Question: A metal having work function 2ev is projected with a light of wavelength 7.5 and 4 what is the ratio...

Question

A metal having work function 2ev is projected with a light of wavelength 7.5 and 4 what is the ratio of intensity of photoelectrons

Answer 1

Solution

The problem asks for the ratio of the intensity of photoelectrons when a metal with a given work function is illuminated by light of two different wavelengths.
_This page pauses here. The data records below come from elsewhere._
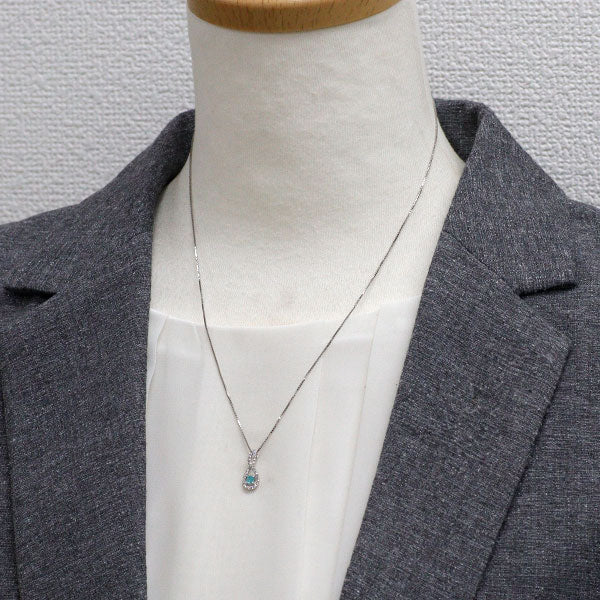希少 Pt900/ Pt850 パライバトルマリン ダイヤモンド ペンダントネックレス 0.10ct D0.40ct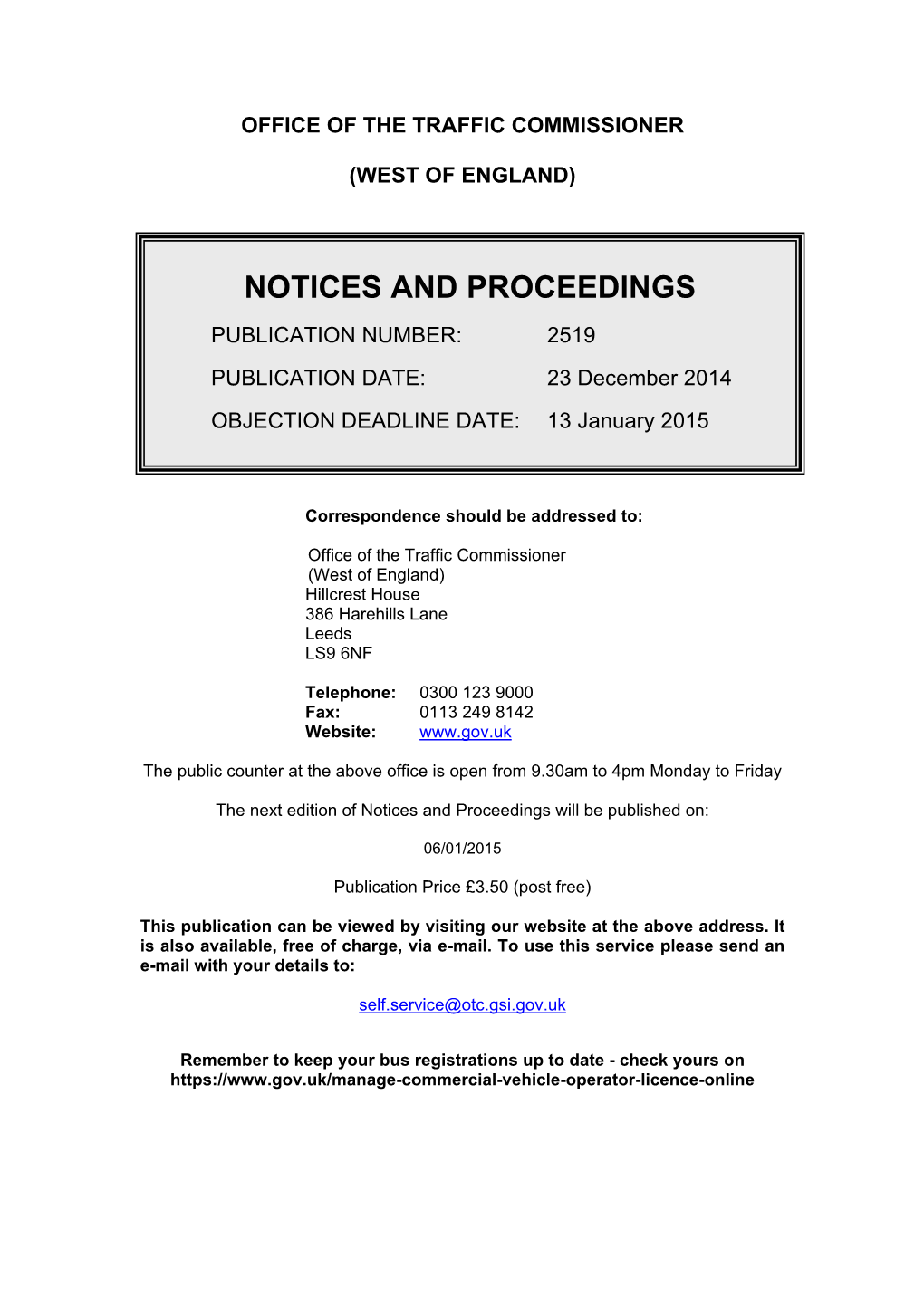 NOTICES and PROCEEDINGS 23 December 2014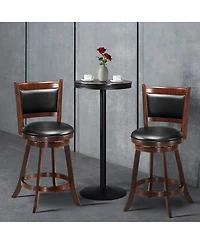 Set of 2 24'' Swivel Counter Stool Wooden Dining Chair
Work Function and Threshold Wavelength: The work function of the metal is given as $\phi = 2 \text{ eV}$ . The threshold wavelength ( $\lambda_0$ ) is the maximum wavelength of light that can cause photoemission. It can be calculated using the formula: $\phi = \frac{hc}{\lambda_0}$ Using the convenient constant $hc = 1240 \text{ eV nm}$ : $\lambda_0 = \frac{1240 \text{ eV nm}}{2 \text{ eV}} = 620 \text{ nm}$
Check for Photoemission: The given wavelengths are $\lambda_1 = 7.5$ (presumably nm) and $\lambda_2 = 4$ (presumably nm). Since both $\lambda_1 = 7.5 \text{ nm}$ and $\lambda_2 = 4 \text{ nm}$ are much smaller than the threshold wavelength $\lambda_0 = 620 \text{ nm}$ , the energy of the incident photons is greater than the work function. Therefore, photoemission will occur for both wavelengths.
Intensity of Photoelectrons: In the photoelectric effect, the "intensity of photoelectrons" refers to the rate at which photoelectrons are emitted, which is directly proportional to the photocurrent. The number of photoelectrons emitted per unit time (and thus the photocurrent or "intensity of photoelectrons") is directly proportional to the intensity of the incident light, provided the photon energy is above the work function. It does not depend on the frequency or wavelength of the incident light.
Ratio Calculation: The problem provides the wavelengths but does not provide any information about the intensities of the incident lights for these two wavelengths. In the absence of such information, it is a standard assumption in physics problems that the incident light intensities are equal. Let $I_{inc1}$ and $I_{inc2}$ be the intensities of the incident lights corresponding to $\lambda_1$ and $\lambda_2$ . Let $N_{e1}$ and $N_{e2}$ be the number of photoelectrons emitted per unit time (or "intensity of photoelectrons") for $\lambda_1$ and $\lambda_2$ . We have $N_{e1} \propto I_{inc1}$ and $N_{e2} \propto I_{inc2}$ . The ratio of the intensity of photoelectrons is $\frac{N_{e1}}{N_{e2}} = \frac{I_{inc1}}{I_{inc2}}$ . Assuming $I_{inc1} = I_{inc2}$ (i.e., the incident lights have the same intensity), then: $\frac{N_{e1}}{N_{e2}} = \frac{1}{1}$

Thus, the ratio of the intensity of photoelectrons is 1:1.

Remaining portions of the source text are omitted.